Keputusan FIFA Pada Awal Desember
FIFA mengatakan akan publikasikan laporan evaluasi tawaran untuk Piala Dunia 2030 dan 2034 sebelum Kongres luar biasa pada 11 Desember.
“FIFA menerapkan proses penawaran menyeluruh untuk Piala Dunia FIFA edisi 2030 dan 2034,” kata juru bicara FIFA.
“Hal ini sejalan dengan proses sebelumnya untuk pemilihan tuan rumah Piala Dunia Wanita 2023 di Australia dan Selandia Baru, Piala Dunia 2026 di Amerika Serikat, Meksiko, dan Kanada, serta Piala Dunia Wanita 2027 di Brasil.”
FIFA segera tunjuk tuan rumah Piala Dunia secara resmi dan Arab Saudi hampir pasti akan berhasil. Pasalnya, tidak adanya pernyataan minat dari negara lain sebelum batas waktu FIFA akhir tahun lalu.
Penyebab utama kekhawatiran dari dua badan hak asasi tersebut adalah apakah orang-orang LGBTQ akan dapatkan diskriminasi di negara tersebut.
Pasalnya, siapa saja yang terbukti telah melakukan tindakan seksual sesama berisiko eksekusi sesuai hukum negara tersebut.
Bantahan dari Pihak Arab Saudi
Hammad Albalawi, kepala unit pencalonan Piala Dunia Arab Saudi, mengatakan pada bulan September bahwa penggemar LGBTQ tak akan dapatkan masalah.
Albalawi lanjutkan bahwa pihaknya menghormati privasi mereka, merujuk pada jutaan penggemar yang telah bepergian ke negara itu untuk event akbar olahraga dalam beberapa tahun terakhir.
“Kami berkomitmen untuk menumbuhkan lingkungan kompetisi yang bebas dari diskriminasi. Kami juga berusaha memberantas diskriminasi berdasarkan perlindungan karakteristik,” kata Arab Saudi dalam proposal pencalonan Piala Dunia. “Bekerja sama dengan mitra pemerintah kami, kami akan memverifikasi bahwa undang-undang kami selaras dengan komitmen internasional kami dan menerapkan peningkatan yang sesuai syarat.”
Dalam proposal penawaran Arab Saudi, tercantum akan ada pembangunan dan renovasi 15 stadion untuk Piala Dunia 2034. Penetapan konstruksi akan selesai pada tahun 2032, sementara akan ada pembangunan lebih dari 185.000 kamar hotel tambahan menjelang turnamen.

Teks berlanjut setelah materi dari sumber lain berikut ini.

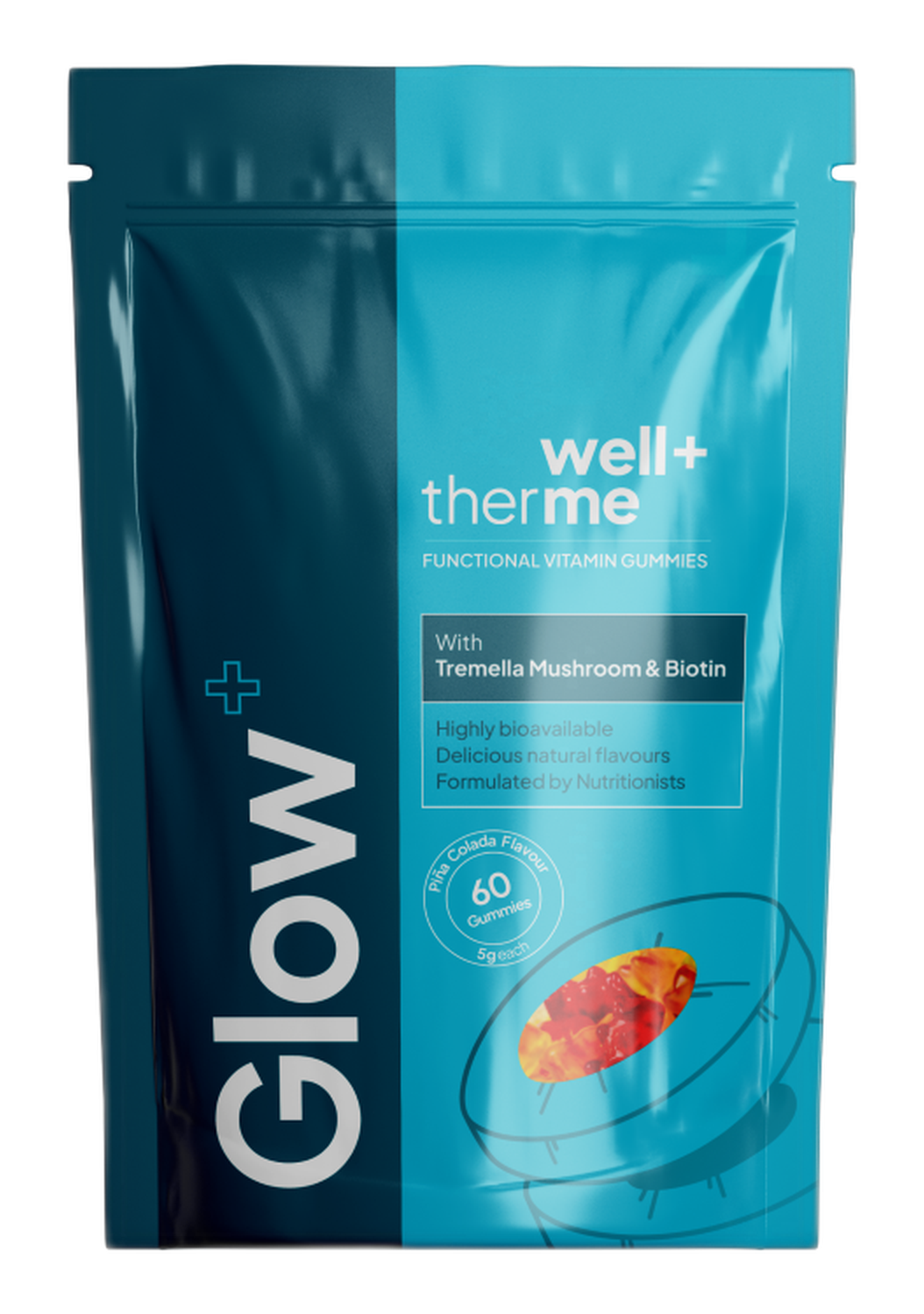 Well+Therme Glow Gummies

Badan Hak Asasi Permasalahkan Hak Pekerja Migran
Cockburn katakan Arab Saudi membutuhkan banyak pekerja migran mewujudkan ambisinya menjadi tuan rumah Piala Dunia.
Padahal, lanjut Cockburn, negara tersebut belum menetapkan upah minimum untuk non-warga negara atau memperkenalkan langkah-langkah untuk mencegah kematian pekerja.

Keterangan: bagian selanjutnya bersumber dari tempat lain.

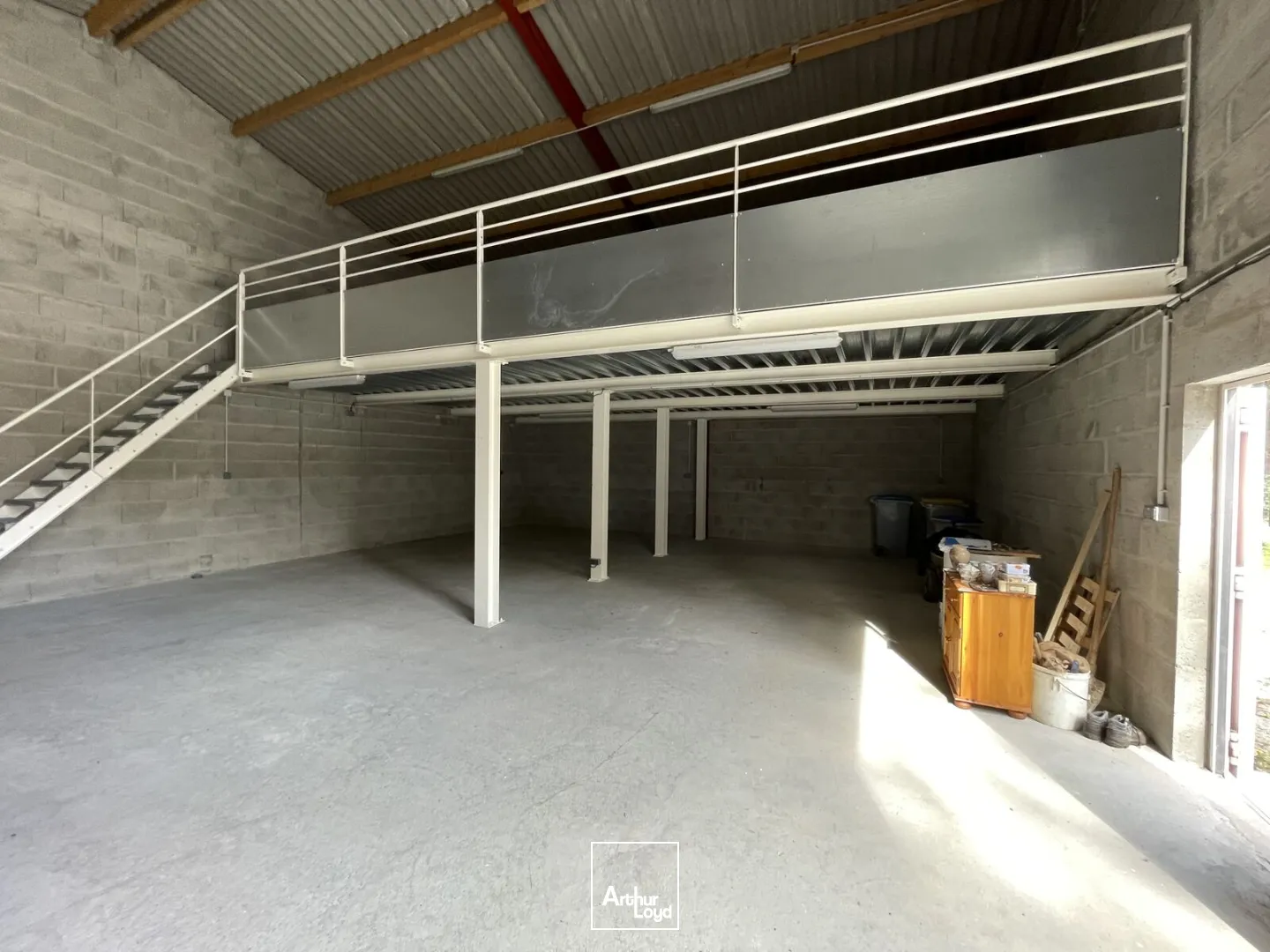 Bâtiment stockage Bouguenais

“Kami berdedikasi tegakkan komitmen terkait kerja paksa, pekerja anak, nondiskriminasi, serta keselamatan dan kesehatan kerja. Kami berusaha keras memastikan mitra kami menegakkan standar-standar ini,” kata Arab Saudi dalam proposalnya.
Laporan Amnesty juga mengatakan bahwa penindasan terhadap kebebasan berbicara merupakan penyebab kekhawatiran. Cockburn katakan tidak ada komitmen serius untuk melakukan reformasi.

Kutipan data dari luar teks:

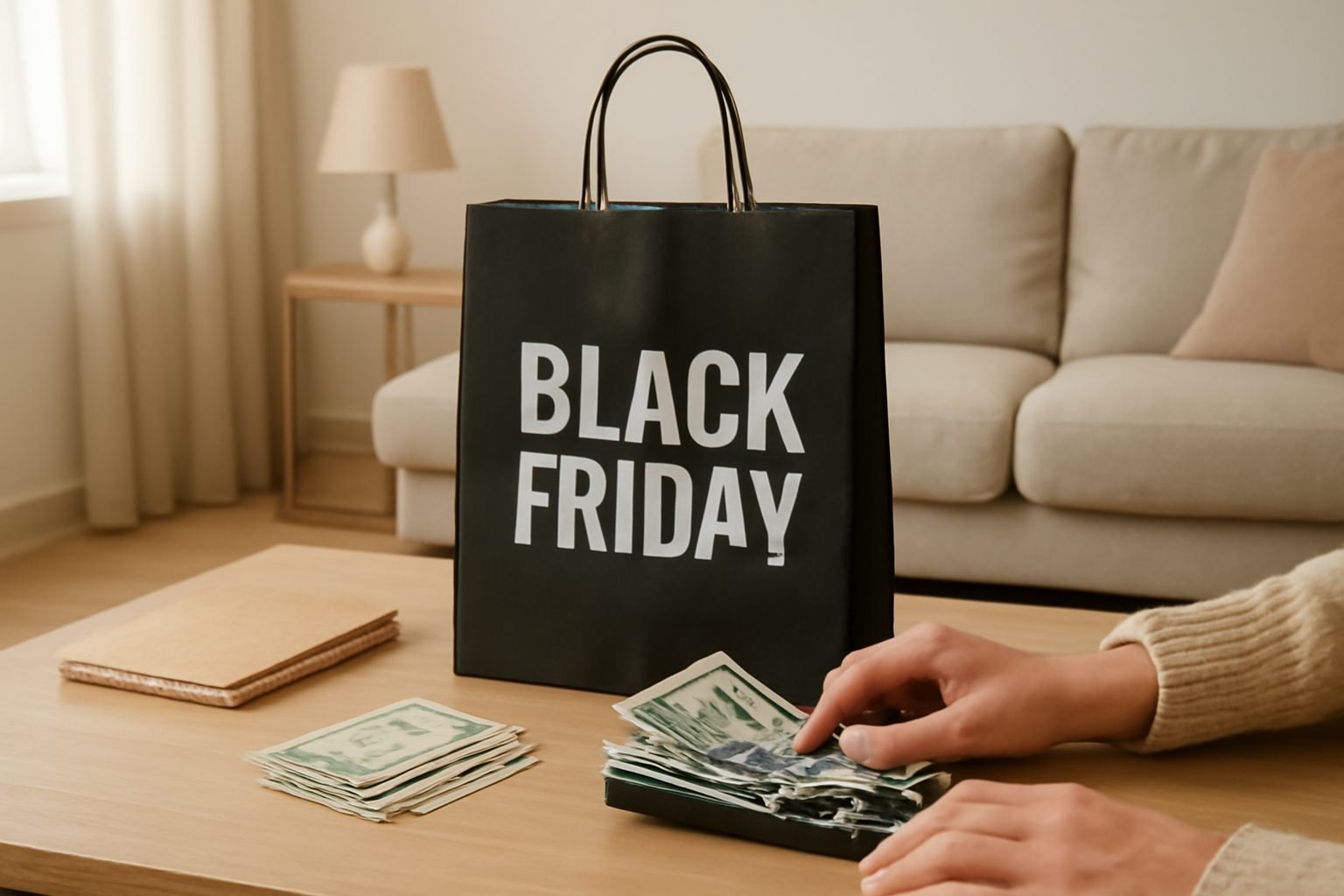 Black Friday Haushaltsbudget Schützen — günstig statt teuer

“Strategi hak asasi manusia Arab Saudi tidak membahas penindasan berat pemerintah terhadap kebebasan berbicara dan pemenjaraan berkelanjutan terhadap individu-individu yang telah dapatkan hukuman puluhan tahun penjara hanya karena mengekspresikan pendapat,” kata Cockburn.
Arab Saudi menghabiskan miliaran untuk mengubah citra globalnya dari negara yang dikenal dengan pembatasan agama yang ketat dan pelanggaran hak asasi manusia menjadi pusat pariwisata dan hiburan.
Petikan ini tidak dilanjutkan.